--- WHAT IS NEEDED ---
Every line from the one holding "Thumbnail: 2021 Volkswagen Atlas - 18" through the one holding "1 多间卧室、办公桌、熨斗/熨衣板" in the data below must be returned exactly, both ends included, with pictures left out and nothing else added.

--- RECORDS ---
• • • • •

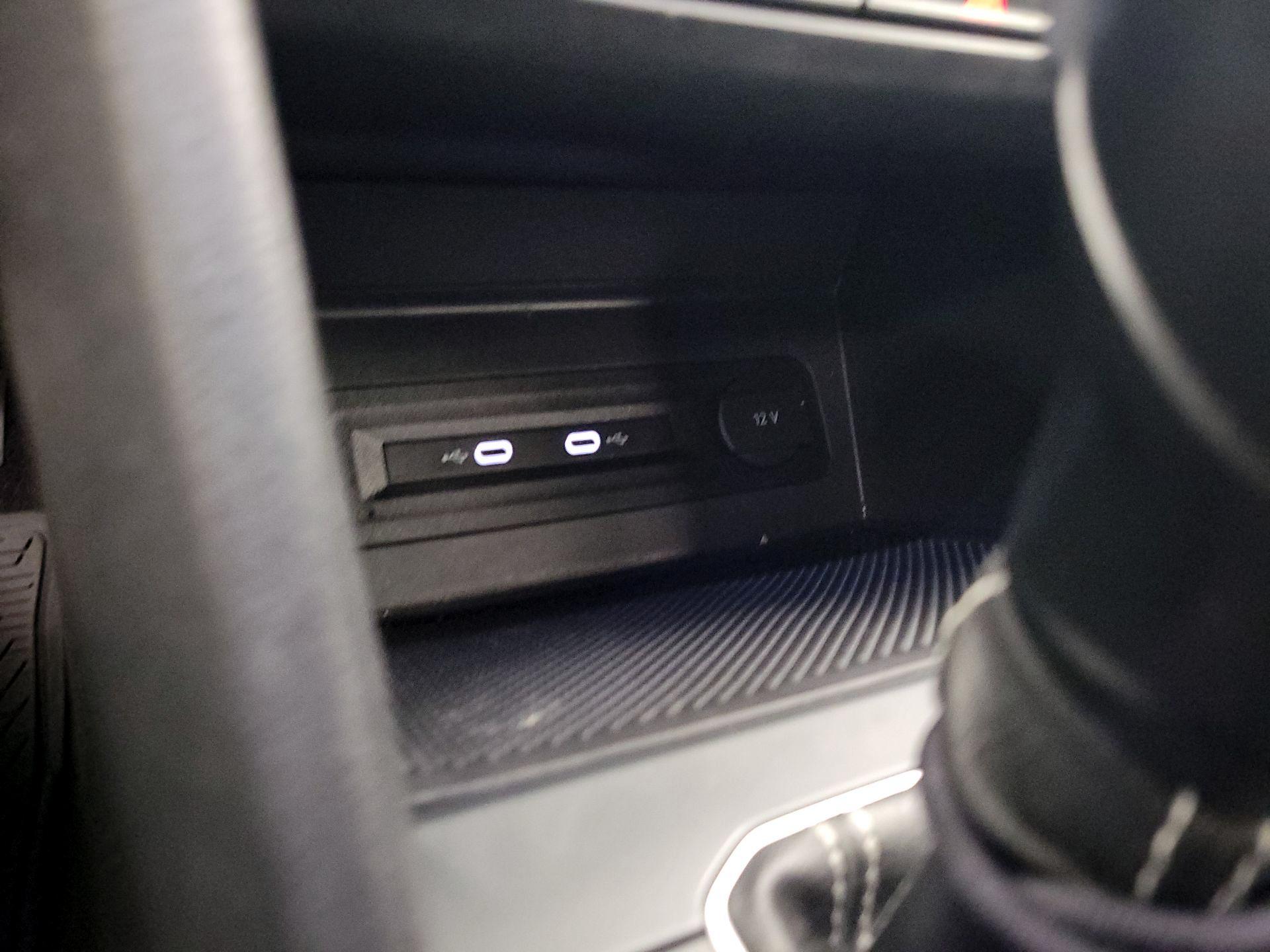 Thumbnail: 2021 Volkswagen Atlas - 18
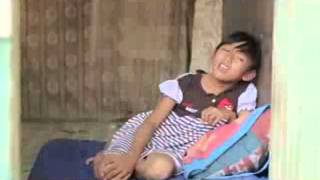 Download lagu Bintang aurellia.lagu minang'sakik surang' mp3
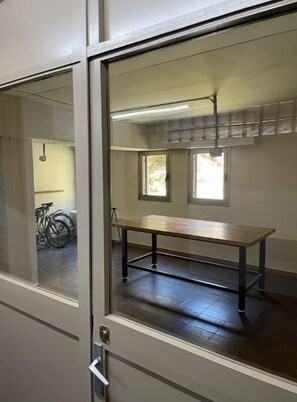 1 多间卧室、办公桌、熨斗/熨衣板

• • • • •

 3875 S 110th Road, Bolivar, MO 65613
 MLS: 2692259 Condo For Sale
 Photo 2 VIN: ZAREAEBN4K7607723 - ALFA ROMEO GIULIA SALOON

• • • • •

--- TASK RESPONSE ---
 Thumbnail: 2021 Volkswagen Atlas - 18
 Download lagu Bintang aurellia.lagu minang'sakik surang' mp3
 1 多间卧室、办公桌、熨斗/熨衣板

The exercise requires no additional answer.